### What is expected
Your job with the data below is to output exactly the lines from the one holding "Premières Nations de" down to the one holding "Sanjeev Kapoor, Sridevi, Dr", both included, and no others.
(Extracted entries begins)
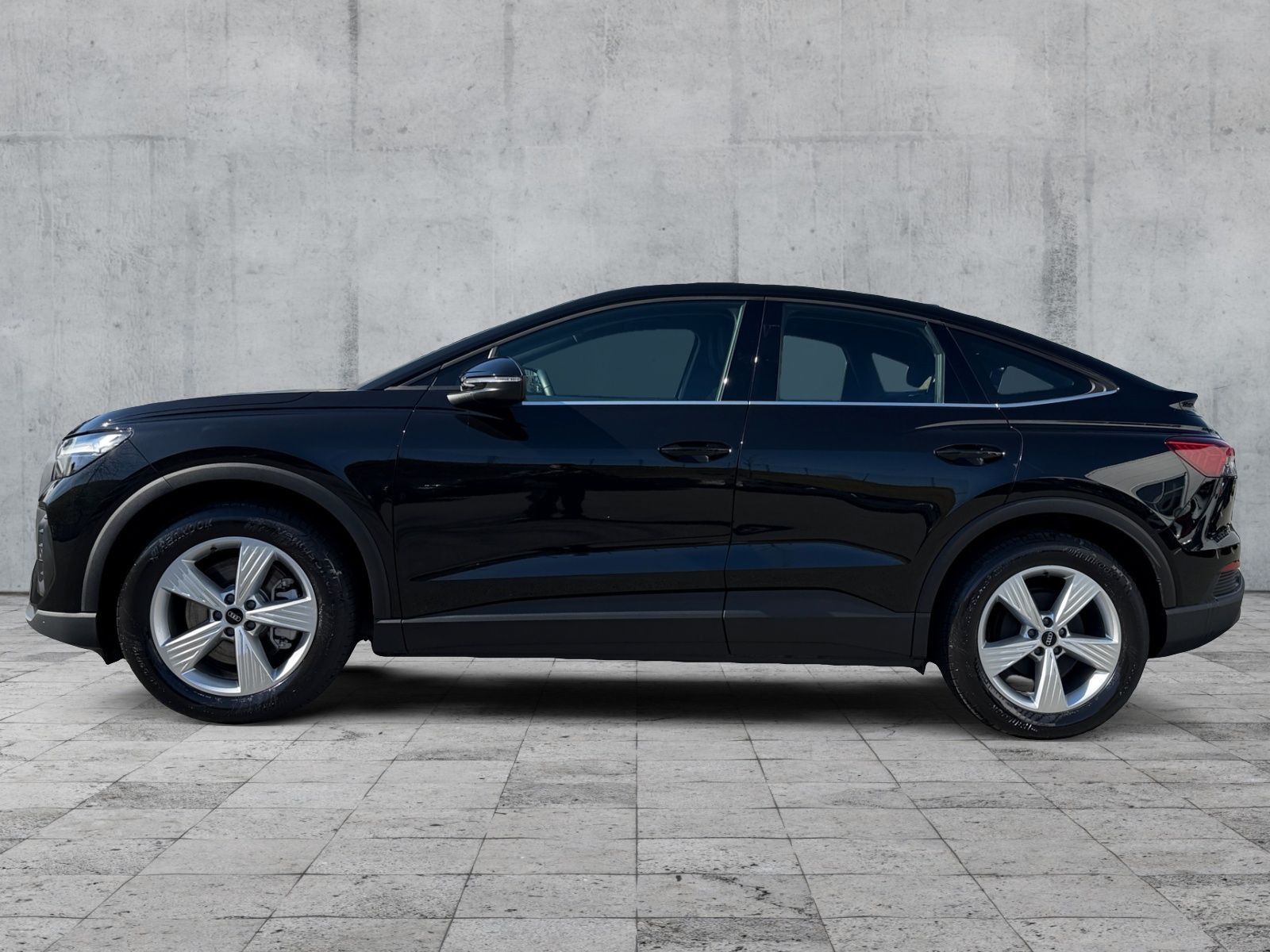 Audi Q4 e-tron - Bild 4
(Extracted entries ends)
(Extracted entries begins)
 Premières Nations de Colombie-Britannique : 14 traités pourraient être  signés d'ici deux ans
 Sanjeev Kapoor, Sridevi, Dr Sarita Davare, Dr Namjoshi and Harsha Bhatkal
(Extracted entries ends)
### The answer
 Premières Nations de Colombie-Britannique : 14 traités pourraient être  signés d'ici deux ans
 Sanjeev Kapoor, Sridevi, Dr Sarita Davare, Dr Namjoshi and Harsha Bhatkal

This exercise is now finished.